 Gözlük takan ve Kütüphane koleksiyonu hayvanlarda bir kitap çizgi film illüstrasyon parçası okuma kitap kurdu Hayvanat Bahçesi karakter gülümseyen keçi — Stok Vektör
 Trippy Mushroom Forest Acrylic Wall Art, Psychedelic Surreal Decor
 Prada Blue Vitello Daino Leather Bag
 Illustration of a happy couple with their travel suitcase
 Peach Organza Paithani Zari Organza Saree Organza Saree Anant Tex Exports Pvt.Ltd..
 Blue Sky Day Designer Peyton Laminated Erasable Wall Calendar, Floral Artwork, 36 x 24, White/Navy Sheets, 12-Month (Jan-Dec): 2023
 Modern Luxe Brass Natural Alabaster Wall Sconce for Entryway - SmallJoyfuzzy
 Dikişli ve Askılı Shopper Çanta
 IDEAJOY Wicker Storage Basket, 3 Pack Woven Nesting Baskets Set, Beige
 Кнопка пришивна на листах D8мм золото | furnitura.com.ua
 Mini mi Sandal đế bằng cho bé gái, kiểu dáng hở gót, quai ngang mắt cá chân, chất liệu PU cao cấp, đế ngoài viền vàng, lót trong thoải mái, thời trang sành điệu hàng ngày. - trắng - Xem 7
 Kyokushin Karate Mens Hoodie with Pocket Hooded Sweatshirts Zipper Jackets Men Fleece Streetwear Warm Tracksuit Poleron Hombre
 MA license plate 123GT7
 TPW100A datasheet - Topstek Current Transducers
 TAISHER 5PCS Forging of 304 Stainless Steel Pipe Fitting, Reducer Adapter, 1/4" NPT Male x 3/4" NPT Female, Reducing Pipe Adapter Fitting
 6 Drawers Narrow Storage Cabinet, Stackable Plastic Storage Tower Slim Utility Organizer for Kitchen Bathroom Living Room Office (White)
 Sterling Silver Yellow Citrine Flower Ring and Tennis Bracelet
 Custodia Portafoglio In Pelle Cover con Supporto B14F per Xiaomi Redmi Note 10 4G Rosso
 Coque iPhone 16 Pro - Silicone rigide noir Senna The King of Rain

## Your goal:
Your answer consists solely of the lines from the top of the records above through the line that contains "MA license plate 123GT7", each echoed exactly.

## Completed task:
 Gözlük takan ve Kütüphane koleksiyonu hayvanlarda bir kitap çizgi film illüstrasyon parçası okuma kitap kurdu Hayvanat Bahçesi karakter gülümseyen keçi — Stok Vektör
 Trippy Mushroom Forest Acrylic Wall Art, Psychedelic Surreal Decor
 Prada Blue Vitello Daino Leather Bag
 Illustration of a happy couple with their travel suitcase
 Peach Organza Paithani Zari Organza Saree Organza Saree Anant Tex Exports Pvt.Ltd..
 Blue Sky Day Designer Peyton Laminated Erasable Wall Calendar, Floral Artwork, 36 x 24, White/Navy Sheets, 12-Month (Jan-Dec): 2023
 Modern Luxe Brass Natural Alabaster Wall Sconce for Entryway - SmallJoyfuzzy
 Dikişli ve Askılı Shopper Çanta
 IDEAJOY Wicker Storage Basket, 3 Pack Woven Nesting Baskets Set, Beige
 Кнопка пришивна на листах D8мм золото | furnitura.com.ua
 Mini mi Sandal đế bằng cho bé gái, kiểu dáng hở gót, quai ngang mắt cá chân, chất liệu PU cao cấp, đế ngoài viền vàng, lót trong thoải mái, thời trang sành điệu hàng ngày. - trắng - Xem 7
 Kyokushin Karate Mens Hoodie with Pocket Hooded Sweatshirts Zipper Jackets Men Fleece Streetwear Warm Tracksuit Poleron Hombre
 MA license plate 123GT7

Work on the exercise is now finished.